Lifestyle Strategies That Can Help Ward off Alzheimer's Disease
- Optimize your vitamin D levels with safe sun exposure.Strong links between low levels of vitamin D in Alzheimer's patients and poor outcomes on cognitive tests have been revealed. Researchers believe that optimal vitamin D levels may enhance the amount of important chemicals in your brain and protect brain cells by increasing the effectiveness of the glial cells in nursing damaged neurons back to health.
Vitamin D may also exert some of its beneficial effects on Alzheimer's through its anti-inflammatory and immune-boosting properties. Sufficient vitamin D is imperative for proper functioning of your immune system to combat inflammation that is also associated with Alzheimer's.
- Exercise regularly. It's been suggested that exercise can trigger a change in the way the amyloid precursor protein is metabolized,11 thus, slowing down the onset and progression of Alzheimer's. Exercise also increases levels of the protein PGC-1alpha. Research has also shown that people with Alzheimer's have less PGC-1alpha in their brains12 and cells that contain more of the protein produce less of the toxic amyloid protein associated with Alzheimer's.
- Avoid and eliminate mercury from your body. Dental amalgam fillings, which are 50 percent mercury by weight, are one of the major sources of heavy metal toxicity. However, you should be healthy prior to having them removed
- Avoid flu vaccinations as most contain both mercury and aluminum, well-known neurotoxic and immunotoxic agents.
- Avoid anticholinergics and statin drugs. Drugs that block acetylcholine, a nervous system neurotransmitter, have been shown to increase your risk of dementia. These drugs include certain nighttime pain relievers, antihistamines, sleep aids, certain antidepressants, medications to control incontinence, and certain narcotic pain relievers.
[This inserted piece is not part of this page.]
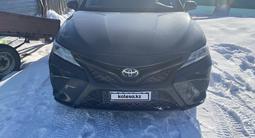 Toyota Camry 2018 года за 6 200 000 тг. в Астана – фото 2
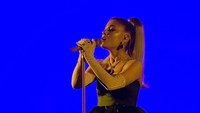 Ariana Grande tampil di Grammy Awards 2020. Ia tampak emosional saat membawakan Imagine, My Favorite Things, 7 Rings dan Thank U, Next.  Foto: Kevork Djansezian/Getty Images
Statin drugs are particularly problematic because they suppress the synthesis of cholesterol, deplete your brain of coenzyme Q10 and neurotransmitter precursors, and prevent adequate delivery of essential fatty acids and fat-soluble antioxidants to your brain by inhibiting the production of the indispensable carrier biomolecule known as low-density lipoprotein.
- Challenge your mind daily. Mental stimulation, especially learning something new, such as learning to play an instrument or a new language, is associated with a decreased risk of Alzheimer's. Researchers suspect that mental challenge helps to build up your brain, making it less susceptible to the lesions associated with Alzheimer's disease.
The death of brain cells cannot be reversed. And this is why no cure for Alzheimer’s disease is recognized. People with Alzheimer’s disease need quality care and support. Some Alzheimer’s Associations are arising with important factors and therapeutic interventions to help people with Alzheimer’s disease live more capable.
As some of us are blessed to not have this disease, or any member of our family, we have to be grateful and support those who are suffering with Alzheimer’s. They never wished to have it, and we never wanted to have it either.
There are a lot of factors to consider associating the cause of Alzheimer’s disease. Therefore, there are also some factors we have to consider to prevent it from happening to us and one solid solution is to have a healthy lifestyle. It’s never too late to change and take lifestyle measures to reduce the risk in us and enjoy a healthier life.